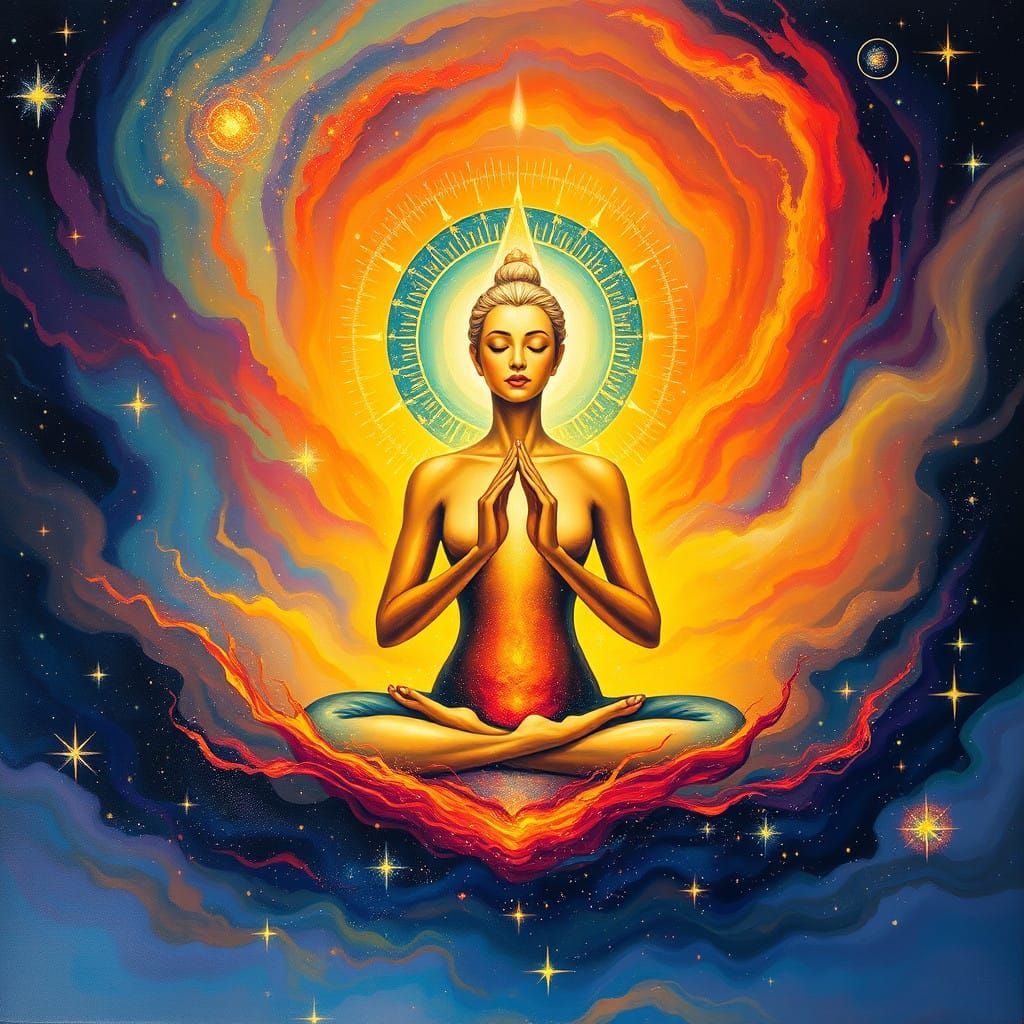 Cosmic Goddess in Luminous Celestial Realm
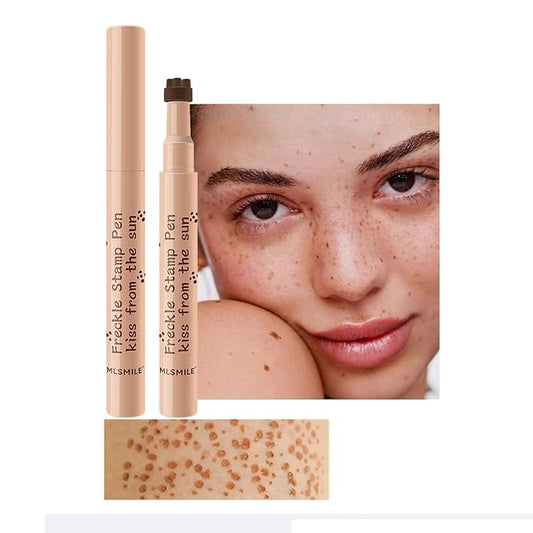 AKARY Stamp Freckle Pen Natural Lifelike Fake Freckles Makeup, Waterproof Long Lasting Quick Dry 5 Comb Corners Natural Like Face Freckle Makeup Pen for Effortless Sunkissed Makeup, 01-Light Brown-VivaGrace Women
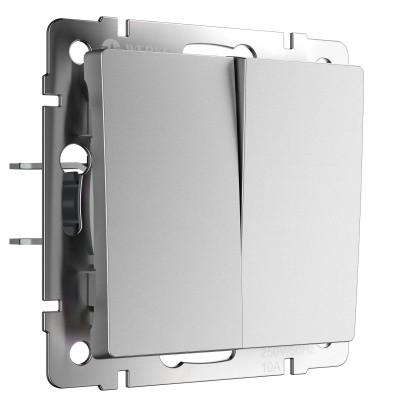 Werkel W1120065/ Выключатель двухклавишный (серебряный матовый), a063609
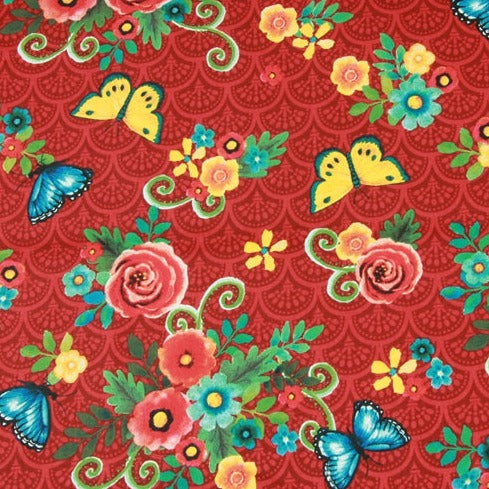 Butterflies and Flowers wine! 1 Meter Medium Thickness Plain Cotton Fabric, Fabric by Yard, Yardage Cotton Fabrics for Clothes Crafts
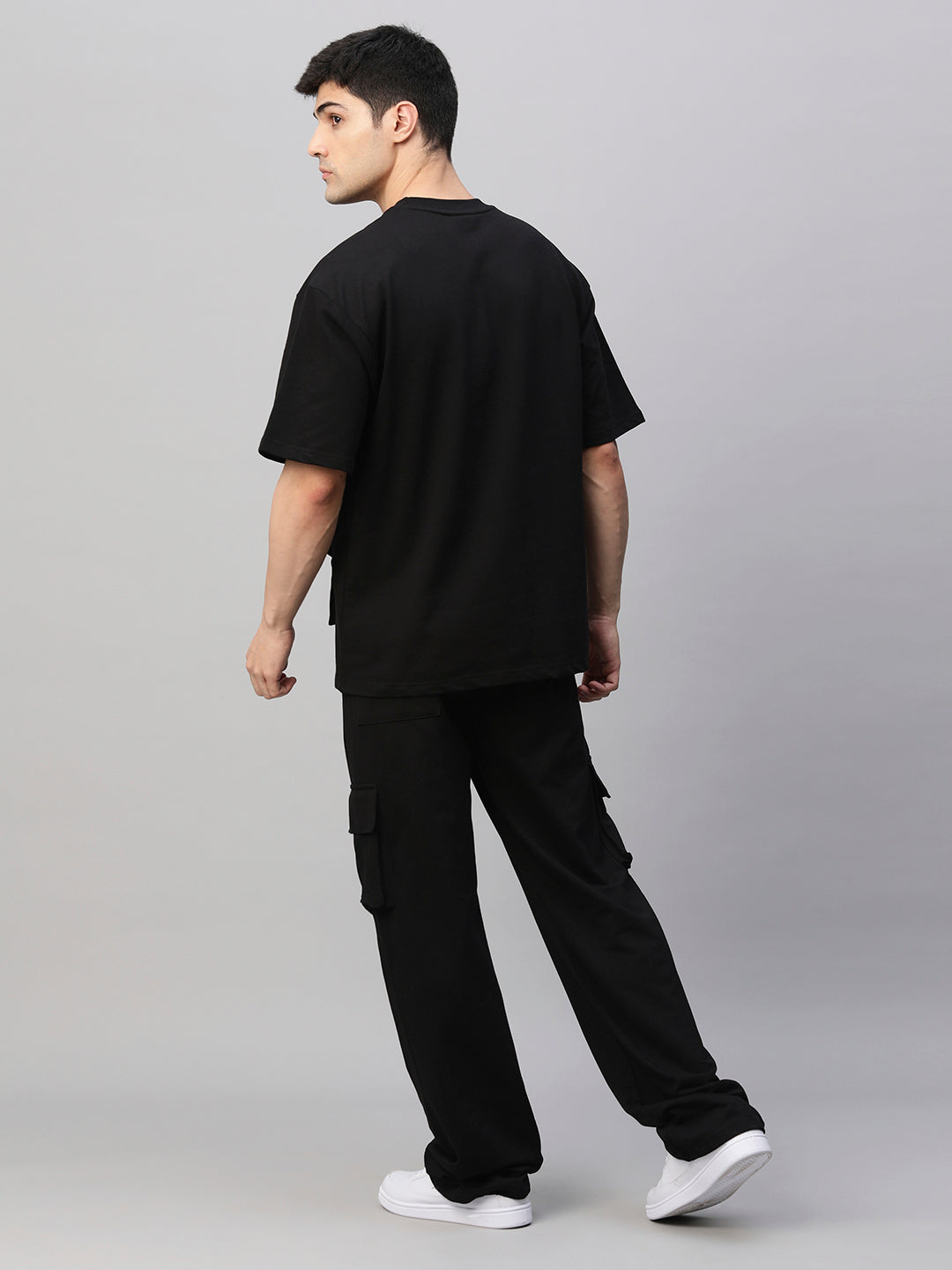 Streetwear Cargo Co-ord Set - Black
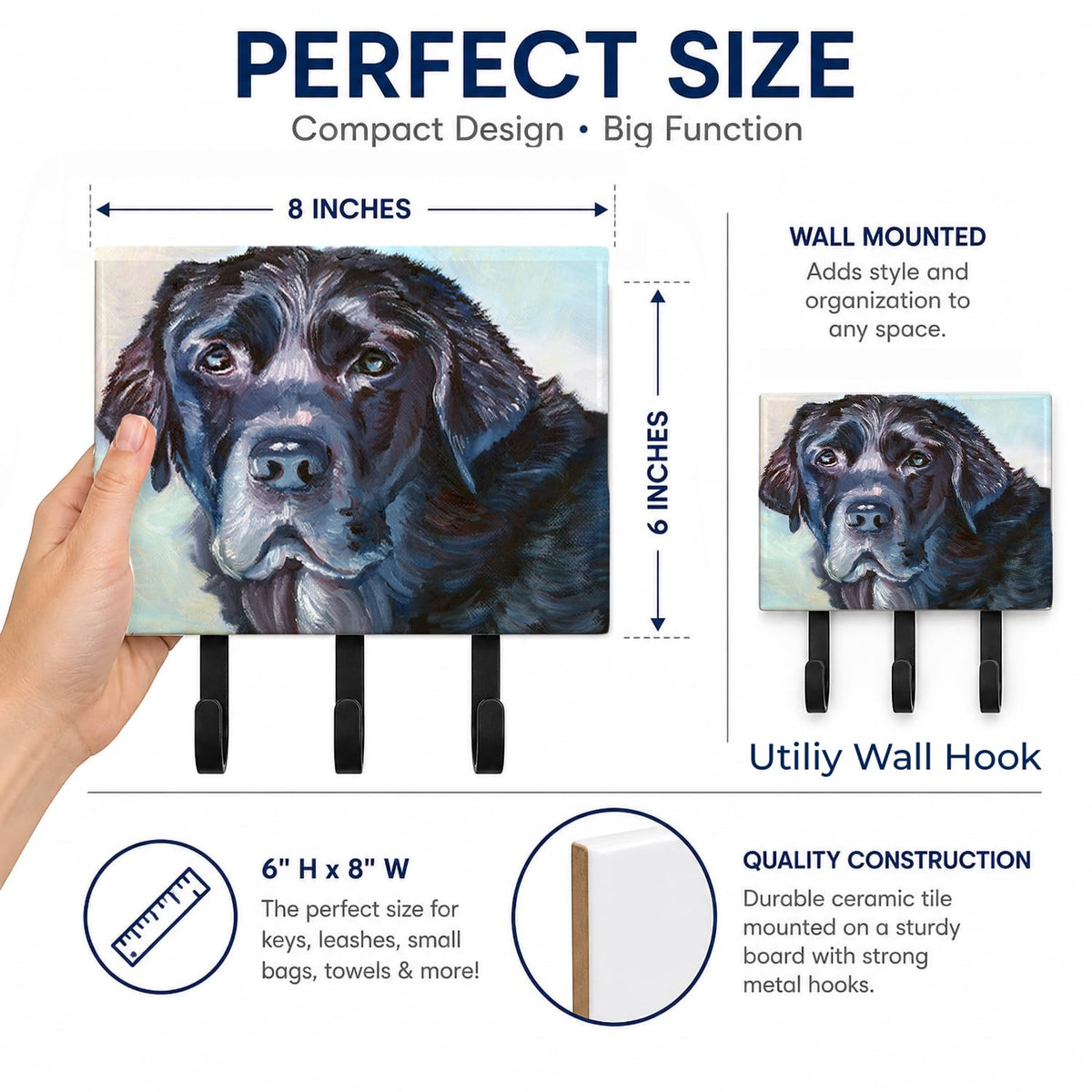 Caroline's Treasures 7419TH68 Black Labrador Face Leash or Key Holder, Wall Hooks, Key Hooks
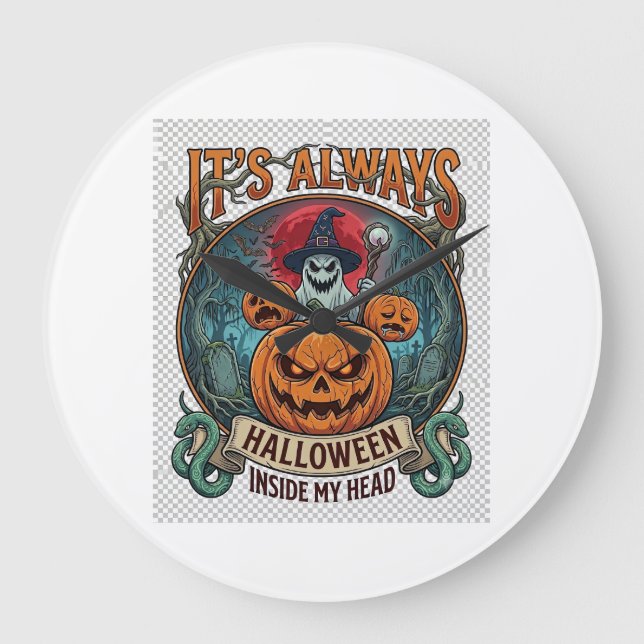 Its Always Halloween Inside Head Pumpkin Ghost Sna Large Clock (Front)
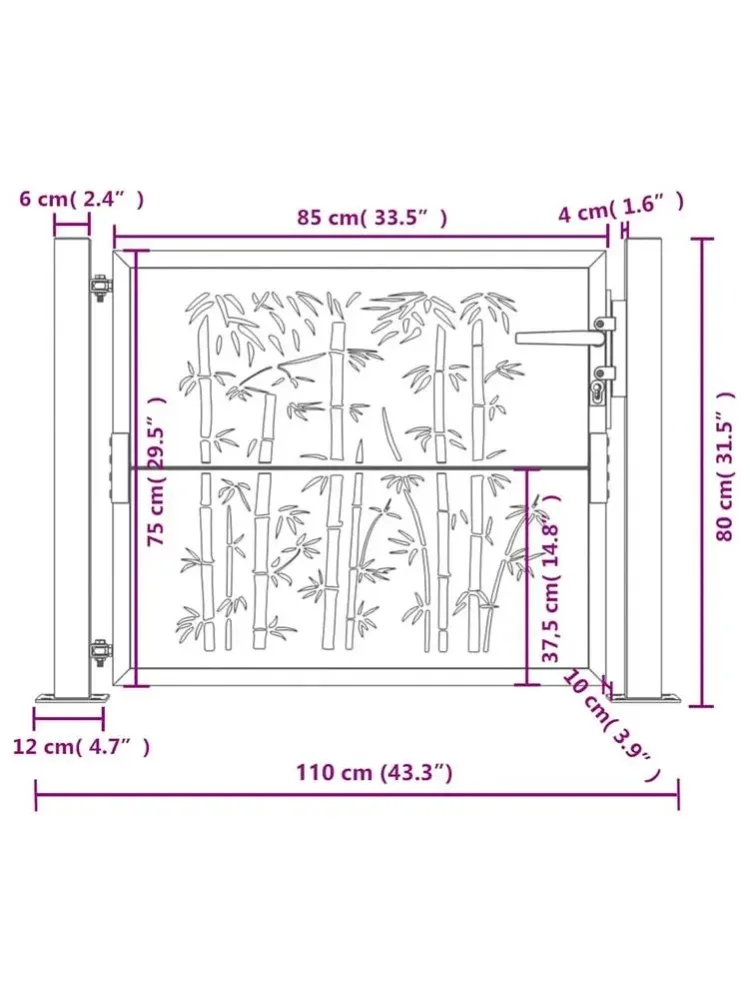 Anthrazitfarbenes Stahl-Bambus Gartentor 105x80cm Pflegeleichtes Design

Requirement —
The required output is an exact copy of the lines from the start of the material above through the line containing "Werkel W1120065/ Выключатель", inclusive, with no pictures in it.

Response area —
 Cosmic Goddess in Luminous Celestial Realm
 AKARY Stamp Freckle Pen Natural Lifelike Fake Freckles Makeup, Waterproof Long Lasting Quick Dry 5 Comb Corners Natural Like Face Freckle Makeup Pen for Effortless Sunkissed Makeup, 01-Light Brown-VivaGrace Women
 Werkel W1120065/ Выключатель двухклавишный (серебряный матовый), a063609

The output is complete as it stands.